District 20A Rep. Andrew Falk, DFL-Murdock, said the onus is on the Republicans to present final bills for a vote. He used Dayton's mantra from a few weeks ago by saying the fact that they haven't made more progress on the bonding bill to date shows that majority leaders are "incapable of governing."
"It's doable - if the party in charge wants to bring it up for a vote they can do it," Falk said. "When you're the majority party you control what comes up for a vote and we haven't seen that yet. I know it takes a supermajority, so to not work with people and take a comprehensive approach shows a lack of seriousness."
"If the will is there it can be done," said Democratic Sen. Lyle Koenen, who moved from the House to take over the late Gary Kubly's seat in the Senate. "The House bill is a bit more problematic because it's so small - people who want a larger bill could vote no on it, hoping a larger number comes back. Some more conservative members would like to see a smaller bill, or even no bill at all."
The differences in the House and Senate proposals are stark.
The House has two bonding bill proposals - $221 million for the State Capitol Renovation and a $280 million borrowing plan for local projects. The Capitol portion of the House bill failed by one vote in the House on Thursday.
The Senate has budgeted $25 million for Capitol restoration in its construction projects bill.
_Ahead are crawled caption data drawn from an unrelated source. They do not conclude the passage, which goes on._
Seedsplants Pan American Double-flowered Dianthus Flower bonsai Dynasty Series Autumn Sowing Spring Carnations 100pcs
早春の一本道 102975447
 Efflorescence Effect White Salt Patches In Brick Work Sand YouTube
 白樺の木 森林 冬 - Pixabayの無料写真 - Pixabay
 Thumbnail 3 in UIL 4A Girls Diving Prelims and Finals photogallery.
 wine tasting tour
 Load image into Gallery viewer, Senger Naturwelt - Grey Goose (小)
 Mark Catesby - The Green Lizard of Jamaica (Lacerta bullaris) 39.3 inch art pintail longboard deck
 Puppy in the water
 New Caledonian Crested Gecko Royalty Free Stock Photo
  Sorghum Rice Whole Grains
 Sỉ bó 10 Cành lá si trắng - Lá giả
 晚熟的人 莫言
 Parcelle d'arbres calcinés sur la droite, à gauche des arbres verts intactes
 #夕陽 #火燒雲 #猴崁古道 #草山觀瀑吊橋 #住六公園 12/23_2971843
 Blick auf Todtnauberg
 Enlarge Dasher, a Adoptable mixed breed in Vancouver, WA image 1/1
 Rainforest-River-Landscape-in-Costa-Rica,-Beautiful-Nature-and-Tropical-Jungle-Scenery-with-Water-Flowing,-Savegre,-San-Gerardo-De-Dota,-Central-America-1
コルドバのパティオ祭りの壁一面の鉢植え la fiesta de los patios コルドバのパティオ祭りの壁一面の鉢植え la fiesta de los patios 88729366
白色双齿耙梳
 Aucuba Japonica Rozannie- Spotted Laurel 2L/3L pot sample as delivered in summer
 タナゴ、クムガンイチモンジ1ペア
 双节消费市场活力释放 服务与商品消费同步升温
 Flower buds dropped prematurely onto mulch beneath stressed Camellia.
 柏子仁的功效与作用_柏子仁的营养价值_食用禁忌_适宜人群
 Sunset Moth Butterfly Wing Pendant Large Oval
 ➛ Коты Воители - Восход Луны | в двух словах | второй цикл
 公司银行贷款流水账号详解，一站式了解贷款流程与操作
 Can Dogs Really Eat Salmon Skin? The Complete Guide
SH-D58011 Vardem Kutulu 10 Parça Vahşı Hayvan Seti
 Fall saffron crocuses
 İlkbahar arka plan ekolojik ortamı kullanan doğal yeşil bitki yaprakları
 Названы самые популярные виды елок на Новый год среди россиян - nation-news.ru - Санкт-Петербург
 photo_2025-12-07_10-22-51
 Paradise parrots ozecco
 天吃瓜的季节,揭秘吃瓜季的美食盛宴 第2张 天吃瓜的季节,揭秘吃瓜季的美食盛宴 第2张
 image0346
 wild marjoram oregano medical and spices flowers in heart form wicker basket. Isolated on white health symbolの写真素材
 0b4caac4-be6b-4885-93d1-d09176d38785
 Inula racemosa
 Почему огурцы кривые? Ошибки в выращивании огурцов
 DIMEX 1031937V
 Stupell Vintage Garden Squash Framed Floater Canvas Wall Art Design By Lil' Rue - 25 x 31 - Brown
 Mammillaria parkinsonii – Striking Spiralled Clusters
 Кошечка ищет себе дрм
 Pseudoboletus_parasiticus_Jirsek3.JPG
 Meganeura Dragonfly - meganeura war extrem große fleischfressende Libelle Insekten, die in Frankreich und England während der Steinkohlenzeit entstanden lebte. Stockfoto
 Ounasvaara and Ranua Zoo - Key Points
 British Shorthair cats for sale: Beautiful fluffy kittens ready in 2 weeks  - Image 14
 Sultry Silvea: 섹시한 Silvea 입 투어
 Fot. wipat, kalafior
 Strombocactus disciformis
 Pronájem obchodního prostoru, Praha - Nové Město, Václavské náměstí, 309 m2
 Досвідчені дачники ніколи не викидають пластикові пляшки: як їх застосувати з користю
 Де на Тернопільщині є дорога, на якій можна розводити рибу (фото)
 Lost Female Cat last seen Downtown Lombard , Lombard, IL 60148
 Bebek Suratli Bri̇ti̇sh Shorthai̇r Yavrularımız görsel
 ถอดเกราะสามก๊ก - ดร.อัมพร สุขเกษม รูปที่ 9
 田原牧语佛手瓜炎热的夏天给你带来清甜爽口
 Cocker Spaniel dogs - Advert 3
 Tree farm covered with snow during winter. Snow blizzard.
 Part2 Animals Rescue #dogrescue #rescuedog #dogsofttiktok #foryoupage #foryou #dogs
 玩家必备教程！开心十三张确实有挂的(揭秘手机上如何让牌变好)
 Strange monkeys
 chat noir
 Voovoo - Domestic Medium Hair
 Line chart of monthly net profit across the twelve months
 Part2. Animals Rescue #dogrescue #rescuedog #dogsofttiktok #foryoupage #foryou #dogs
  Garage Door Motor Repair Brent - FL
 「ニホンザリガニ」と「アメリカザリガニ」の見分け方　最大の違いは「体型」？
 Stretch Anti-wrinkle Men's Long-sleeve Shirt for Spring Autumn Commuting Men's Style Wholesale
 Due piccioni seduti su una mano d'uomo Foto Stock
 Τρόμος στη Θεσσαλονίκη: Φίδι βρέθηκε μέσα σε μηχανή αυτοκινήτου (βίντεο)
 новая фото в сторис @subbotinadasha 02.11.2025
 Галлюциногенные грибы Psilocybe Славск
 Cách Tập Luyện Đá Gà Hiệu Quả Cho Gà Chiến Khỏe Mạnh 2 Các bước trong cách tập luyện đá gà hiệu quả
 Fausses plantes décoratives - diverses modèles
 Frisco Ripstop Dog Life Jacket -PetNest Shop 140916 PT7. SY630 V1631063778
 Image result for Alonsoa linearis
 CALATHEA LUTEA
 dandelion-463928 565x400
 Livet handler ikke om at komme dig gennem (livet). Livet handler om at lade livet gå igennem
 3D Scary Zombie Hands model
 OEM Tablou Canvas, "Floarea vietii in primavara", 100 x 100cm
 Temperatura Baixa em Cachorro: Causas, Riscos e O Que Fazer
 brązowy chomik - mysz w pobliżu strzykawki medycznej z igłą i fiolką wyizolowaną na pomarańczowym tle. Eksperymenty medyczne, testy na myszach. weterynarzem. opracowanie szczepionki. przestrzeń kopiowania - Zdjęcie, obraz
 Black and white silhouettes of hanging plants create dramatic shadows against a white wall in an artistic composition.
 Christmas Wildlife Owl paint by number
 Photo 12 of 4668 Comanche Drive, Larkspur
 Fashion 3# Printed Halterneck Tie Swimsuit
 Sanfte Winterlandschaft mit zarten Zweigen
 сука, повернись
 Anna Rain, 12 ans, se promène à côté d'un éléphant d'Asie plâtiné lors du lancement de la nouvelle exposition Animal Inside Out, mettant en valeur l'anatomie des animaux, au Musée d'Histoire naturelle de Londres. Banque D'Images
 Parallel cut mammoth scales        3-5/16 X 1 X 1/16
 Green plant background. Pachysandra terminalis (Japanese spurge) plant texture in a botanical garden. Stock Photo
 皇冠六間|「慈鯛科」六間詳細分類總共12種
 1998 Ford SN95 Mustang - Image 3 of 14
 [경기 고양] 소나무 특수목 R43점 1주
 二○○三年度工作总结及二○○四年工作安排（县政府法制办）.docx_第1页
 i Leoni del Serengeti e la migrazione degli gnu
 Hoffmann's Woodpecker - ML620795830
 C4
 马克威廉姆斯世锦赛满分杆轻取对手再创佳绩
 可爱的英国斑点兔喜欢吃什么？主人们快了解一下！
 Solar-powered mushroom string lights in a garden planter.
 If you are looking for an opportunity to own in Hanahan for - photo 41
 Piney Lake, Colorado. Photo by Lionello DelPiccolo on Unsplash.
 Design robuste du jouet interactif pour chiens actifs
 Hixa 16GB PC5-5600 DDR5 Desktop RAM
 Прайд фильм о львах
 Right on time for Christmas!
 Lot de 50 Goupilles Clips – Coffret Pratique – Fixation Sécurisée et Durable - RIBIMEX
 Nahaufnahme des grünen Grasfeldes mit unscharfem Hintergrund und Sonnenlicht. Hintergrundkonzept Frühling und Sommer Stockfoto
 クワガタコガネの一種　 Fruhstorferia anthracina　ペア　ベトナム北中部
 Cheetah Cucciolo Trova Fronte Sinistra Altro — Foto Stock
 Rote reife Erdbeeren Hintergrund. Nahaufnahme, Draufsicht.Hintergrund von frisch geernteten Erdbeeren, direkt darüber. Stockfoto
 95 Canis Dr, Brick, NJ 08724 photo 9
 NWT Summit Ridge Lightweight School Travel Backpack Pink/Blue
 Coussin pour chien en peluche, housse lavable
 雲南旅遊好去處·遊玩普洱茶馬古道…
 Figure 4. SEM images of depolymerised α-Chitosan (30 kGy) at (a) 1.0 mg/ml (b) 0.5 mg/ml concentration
The Senate has proposed a "bricks and mortar" public works bill that spends $561 million on projects throughout Minnesota, focused primarily on local projects throughout the state, including $39 million for the University of Minnesota, $127 million for Minnesota State Colleges and Universities and $30 million for flood mitigation.
Koenen is surprised at how much the House and Senate bills differ, since both chambers have a Republican majority.
"It seems like a rather large difference to me," he said. "If you look at the differences between Governor Dayton's proposal and the two parties, that doesn't surprise me, but I am surprised at the difference between the House and Senate."
Dayton's bonding plan borrows $775 million.
"One of the hang-ups, like always, is the size of the bill," said Dahms, who believes a bonding bill can get done by April 30. "There's always going to be a window and we have to find that window when it's open. That window involves projects, it involves the size of the bill, and it involves the make-up of the bill."